Three starters¬†return in 2018 (Brian Orakpo, Derrick Morgan, Wesley Woodyard). Jayon Brown (second year) and free agent acquisition Will Compton will battle it out in camp for the other middle linebacker spot vacated by Avery Williamson. While Woodyard led the team in tackles last year, and Orakpo and Morgan remain the team’s best edge rushers, they are all approaching the “long in the tooth” stage of their careers. The Titans desperately need some young and talented edge rushers to integrate into the rotation with the ability to step right in when Rak and Morgan eventually lose a step.

7. Offensive Line

The unit that regressed in 2017 enters this year’s draft with more questions than answers. How long will All Pro right tackle Jack Conklin be out after tearing his ACL in last year’s divisional round playoff game? Has center Ben Jones reached his ceiling? Will Quinton Spain, who was re-signed this offseason, bounce back from a sub par 2017 campaign? While last season could have been an anomaly, it would be wise to address this unit by providing some young depth and competition in this year’s draft.

8. Wide Receiver

With all of the resources dedicated to this position the last few years, the wide receivers still enter this year’s draft with the most questions.

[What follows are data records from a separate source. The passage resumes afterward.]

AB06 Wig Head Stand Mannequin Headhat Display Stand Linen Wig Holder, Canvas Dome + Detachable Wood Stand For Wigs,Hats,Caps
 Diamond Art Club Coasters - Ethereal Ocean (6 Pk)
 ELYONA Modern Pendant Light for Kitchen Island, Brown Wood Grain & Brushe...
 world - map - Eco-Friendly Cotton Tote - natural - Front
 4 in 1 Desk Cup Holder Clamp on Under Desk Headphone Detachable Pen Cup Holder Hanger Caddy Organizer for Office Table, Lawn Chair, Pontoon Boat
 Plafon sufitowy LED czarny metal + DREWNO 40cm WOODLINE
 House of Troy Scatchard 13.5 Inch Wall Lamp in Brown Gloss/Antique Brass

Last year’s rookie picks, Cory Davis (5th overall) and Taywan Taylor (3rd round) saw little action…albeit not of their own choice. Davis’ rookie season was sabotaged by a multitude of injuries that kept him from any sort of offseason training or conditioning. It clearly affected him when he returned. Taylor, on the other hand, could argue that last year’s coaching staff sabotaged his rookie campaign. After a stellar preseason, Taylor’s number was rarely called when the games counted. Rishard Matthews returns and is reliable, but in order for this group to emerge he cannot be the number one option. Until that happens, the Titans would be wise to continue to swing for the fence until it does, even if it’s not addressed in the early rounds this year.

Let the debate begin…..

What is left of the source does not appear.